Starting at the line containing "Obraz premium Big" and ending at the line containing "Abstract pink flamingo", transcribe the listing below exactly. Keep both end lines, skip the pictures, and copy nothing else.

DATA SUPPLIED:
---

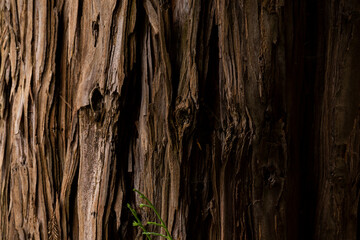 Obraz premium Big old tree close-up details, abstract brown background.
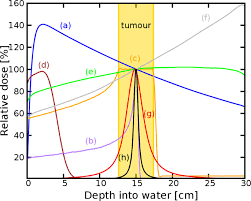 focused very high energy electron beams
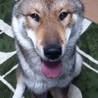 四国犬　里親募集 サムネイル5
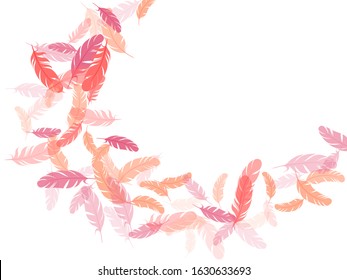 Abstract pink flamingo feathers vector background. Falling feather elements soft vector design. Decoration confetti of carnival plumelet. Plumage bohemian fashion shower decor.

---

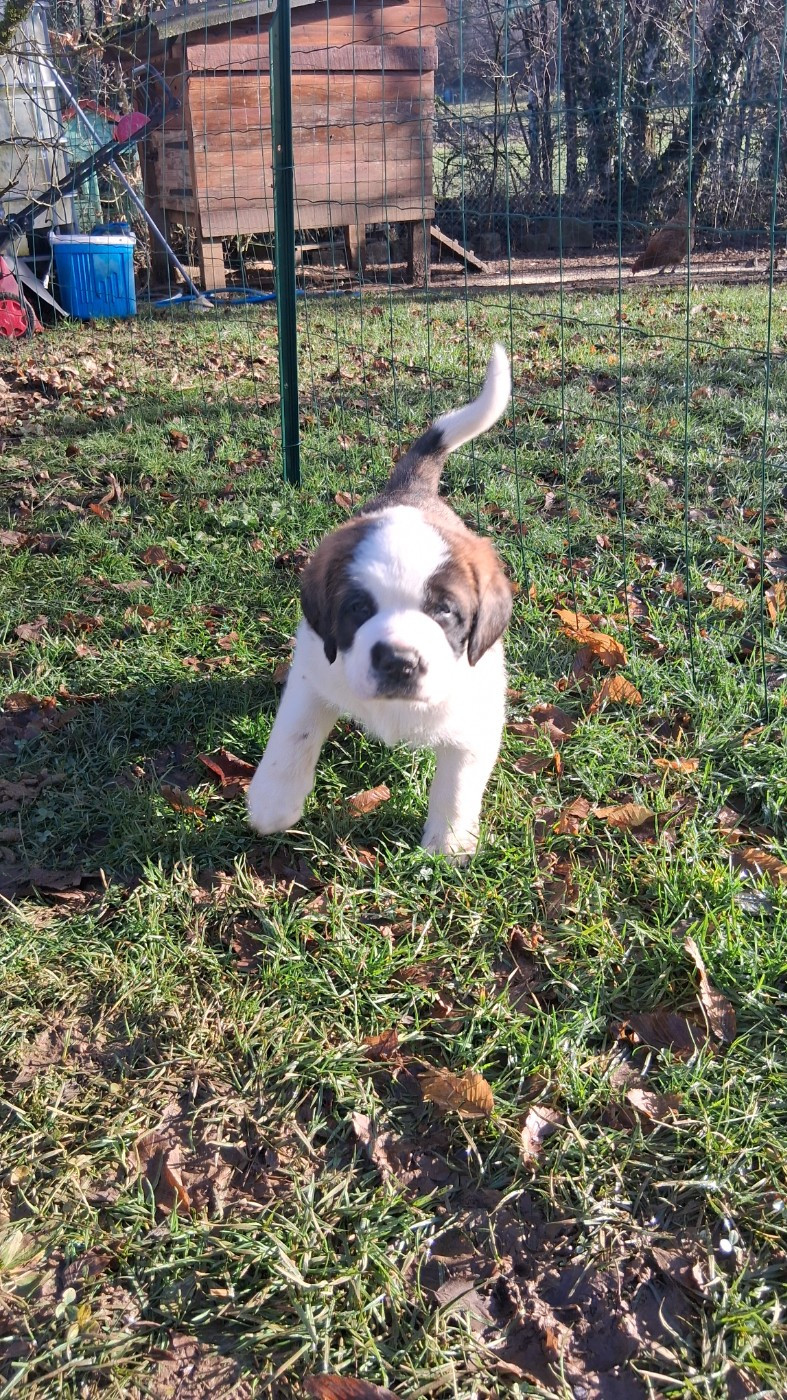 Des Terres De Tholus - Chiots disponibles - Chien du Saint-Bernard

---

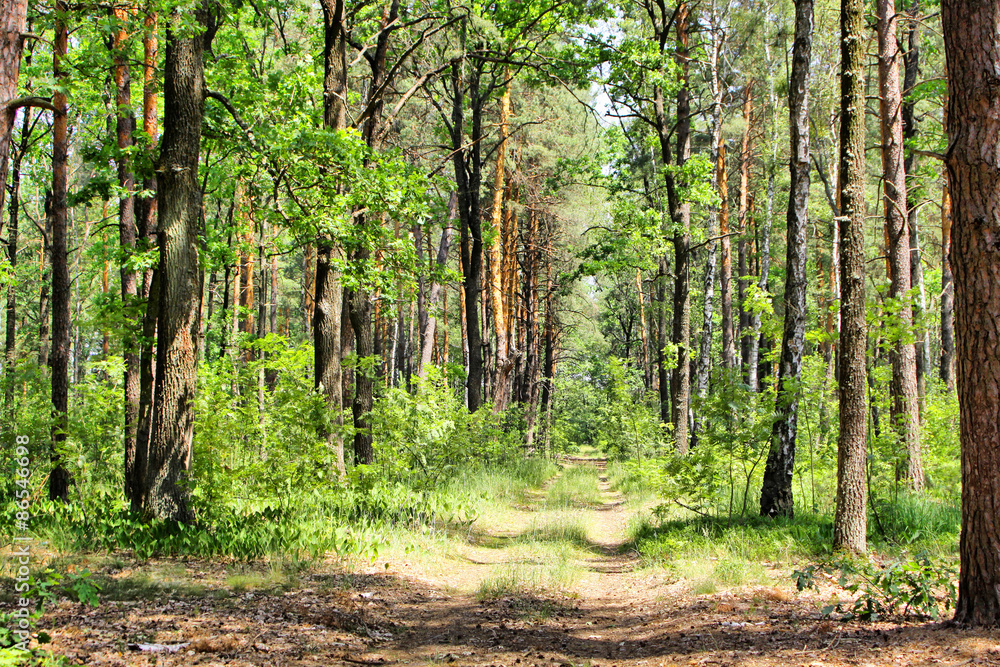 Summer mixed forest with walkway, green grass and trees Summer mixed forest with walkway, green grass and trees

---

SOLVED EXERCISE:
 Obraz premium Big old tree close-up details, abstract brown background.
 focused very high energy electron beams
 四国犬　里親募集 サムネイル5
 Abstract pink flamingo feathers vector background. Falling feather elements soft vector design. Decoration confetti of carnival plumelet. Plumage bohemian fashion shower decor.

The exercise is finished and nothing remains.